Image-caption web data:
"""

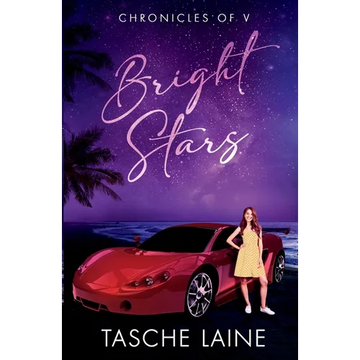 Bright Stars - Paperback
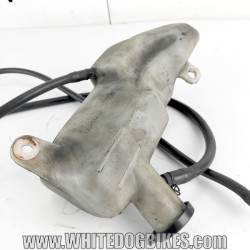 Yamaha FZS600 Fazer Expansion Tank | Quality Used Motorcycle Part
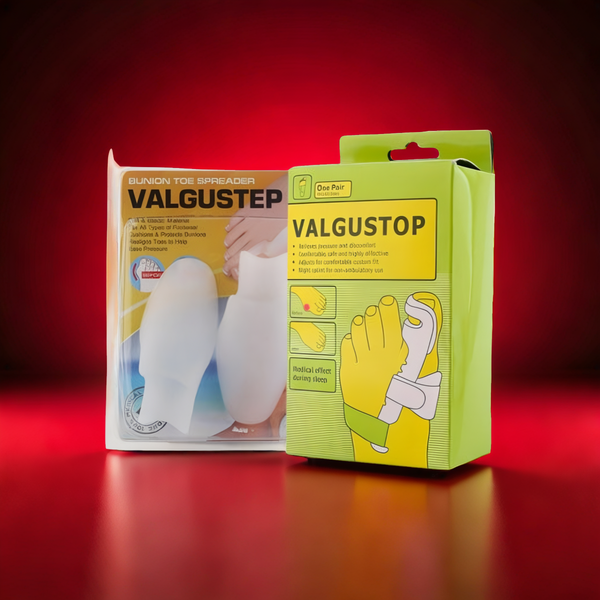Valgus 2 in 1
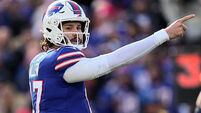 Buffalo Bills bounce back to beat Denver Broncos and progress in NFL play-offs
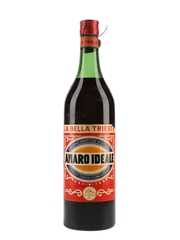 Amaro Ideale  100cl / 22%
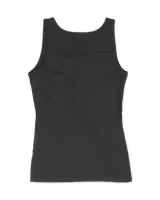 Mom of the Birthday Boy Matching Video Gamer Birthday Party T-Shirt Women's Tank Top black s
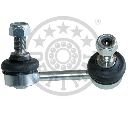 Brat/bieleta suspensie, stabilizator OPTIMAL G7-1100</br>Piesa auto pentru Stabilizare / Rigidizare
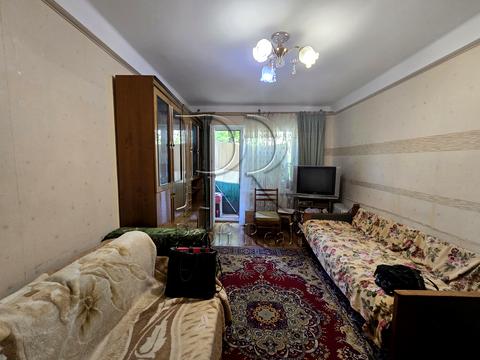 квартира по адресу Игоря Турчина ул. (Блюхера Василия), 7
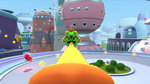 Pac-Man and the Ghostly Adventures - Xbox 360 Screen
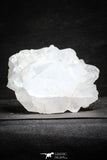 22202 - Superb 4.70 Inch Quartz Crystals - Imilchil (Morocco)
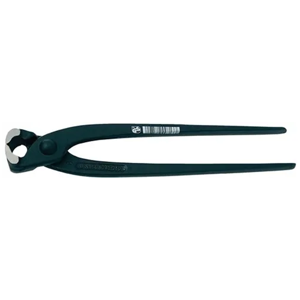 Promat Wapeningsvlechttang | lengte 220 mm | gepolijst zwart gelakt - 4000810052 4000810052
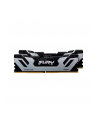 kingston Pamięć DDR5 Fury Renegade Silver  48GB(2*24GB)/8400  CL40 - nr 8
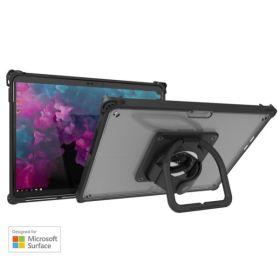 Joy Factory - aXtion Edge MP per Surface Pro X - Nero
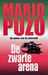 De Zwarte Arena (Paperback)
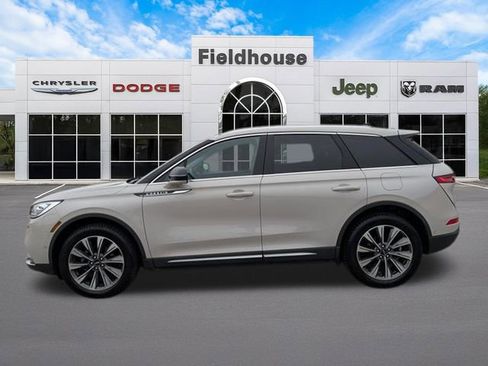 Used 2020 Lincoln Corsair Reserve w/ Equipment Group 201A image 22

"""

What is needed:
Return only the lines from the one that contains "De Zwarte Arena (Paperback)" through the closing line of the data, inclusive, reproduced exactly and with every picture left out.

Response area:
 De Zwarte Arena (Paperback)
 Used 2020 Lincoln Corsair Reserve w/ Equipment Group 201A image 22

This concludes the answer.